The place she was staying was at the border of Brooklyn and Queens, and disturbingly close to Bedford-Stuyvesant on the map. She was at a disadvantage in her neighborhood not speaking Spanish (I coached her with a few phrases, but there’s only so much you can teach in brief phone conversations). She rode the subway at all hours, often alone, because of her schedule.
Of course we worried. She’s 21, and therefore technically an adult. But not to me.
This past weekend was her first full weekend back in town. She went to a party for a friend in Olympia Saturday night. After that, she went to meet one of her best friends, who works late in Five Points.
It was the first time in the last few months she felt unsafe. The young kids milling about in Five Points, some apparently in gang colors, caused her to feel something she hadn’t felt in New York — or in Charlotte living there all last year.

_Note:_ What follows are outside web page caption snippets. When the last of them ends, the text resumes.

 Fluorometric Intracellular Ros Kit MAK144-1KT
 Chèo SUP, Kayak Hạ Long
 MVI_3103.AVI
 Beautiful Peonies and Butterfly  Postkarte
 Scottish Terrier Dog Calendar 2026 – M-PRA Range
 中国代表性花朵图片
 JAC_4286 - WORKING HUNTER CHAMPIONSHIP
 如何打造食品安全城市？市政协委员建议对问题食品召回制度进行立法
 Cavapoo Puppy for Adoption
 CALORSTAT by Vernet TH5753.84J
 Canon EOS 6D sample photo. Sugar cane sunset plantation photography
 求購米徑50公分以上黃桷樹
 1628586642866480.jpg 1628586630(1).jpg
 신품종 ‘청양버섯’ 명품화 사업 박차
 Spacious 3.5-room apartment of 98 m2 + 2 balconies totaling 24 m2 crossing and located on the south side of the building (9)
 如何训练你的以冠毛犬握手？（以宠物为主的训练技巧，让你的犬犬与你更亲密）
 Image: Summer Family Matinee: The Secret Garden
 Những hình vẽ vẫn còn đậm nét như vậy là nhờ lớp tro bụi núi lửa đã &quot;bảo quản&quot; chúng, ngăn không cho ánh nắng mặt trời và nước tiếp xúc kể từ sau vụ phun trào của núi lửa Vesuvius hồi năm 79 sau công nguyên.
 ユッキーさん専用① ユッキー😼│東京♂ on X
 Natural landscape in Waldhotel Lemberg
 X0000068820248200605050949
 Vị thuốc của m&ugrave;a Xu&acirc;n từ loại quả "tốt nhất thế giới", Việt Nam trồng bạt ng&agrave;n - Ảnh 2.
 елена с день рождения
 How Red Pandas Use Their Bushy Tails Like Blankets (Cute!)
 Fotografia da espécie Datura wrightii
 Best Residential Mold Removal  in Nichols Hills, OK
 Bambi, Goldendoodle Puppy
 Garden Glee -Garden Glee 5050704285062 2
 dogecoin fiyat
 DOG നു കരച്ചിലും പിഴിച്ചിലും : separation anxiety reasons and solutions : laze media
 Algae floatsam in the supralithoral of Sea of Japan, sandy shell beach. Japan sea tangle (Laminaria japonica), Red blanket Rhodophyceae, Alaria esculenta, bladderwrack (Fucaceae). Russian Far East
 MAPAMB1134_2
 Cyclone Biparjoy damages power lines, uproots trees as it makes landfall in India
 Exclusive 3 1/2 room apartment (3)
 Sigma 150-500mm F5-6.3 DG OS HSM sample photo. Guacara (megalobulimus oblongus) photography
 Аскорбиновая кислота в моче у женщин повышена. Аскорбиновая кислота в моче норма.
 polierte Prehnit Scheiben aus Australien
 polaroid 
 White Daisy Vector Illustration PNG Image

I had heard from Five Points business people about the growing problem of teenagers who are too young to get into the bars loitering in the streets in large numbers. I had heard, recently, that THAT was the context of the shootings that have happened in the vicinity in recent months.
This made me start to think that — while I still think closing bars at 2 a.m. is a good idea — that wasn’t the solution to the violence. A curfew for kids under 18 sounds like a better solution.
This will probably set off some of my libertarian friends here on the blog, but I don’t care. This makes sense. And kids have no business on the street late at night.
To quote from the story in The State today:
Most anyone younger than 18 would be under an 11 p.m. curfew in the city of Columbia, and adults strolling a sidewalk with an open can of beer could land in jail for a month if two proposals before City Council on Wednesday become law.
Both changes in city ordinances are being driven by a summer of youth violence in Five Points, in which two men were shot in three incidents. The violence, reportedly springing from youth gang turf wars, has cut deeply into the revenue of merchants in the busy business district, which is popular with USC students, said Scott Linaberry, president of the Five Points Association.
I urge Columbia City Council to pass this curfew tomorrow.
I also urge them to keep moving toward merging city police and Sheriff Leon Lott’s department as soon as possible. Leon was working to address the gang problem long before any other local cops would even acknowledge there was a problem.
Well, there IS a problem. And it’s gotten pretty bad. And a curfew is one common-sense tool to use in addressing some of the problems that gangs bring.
As for the open-container proposal — I don’t know what I think about that yet. I’m not as clear on exactly how that plays into the problem that we’re trying to address here. Perhaps some of you are more familiar with that than I. But the curfew seems an obvious, reasonable step to take.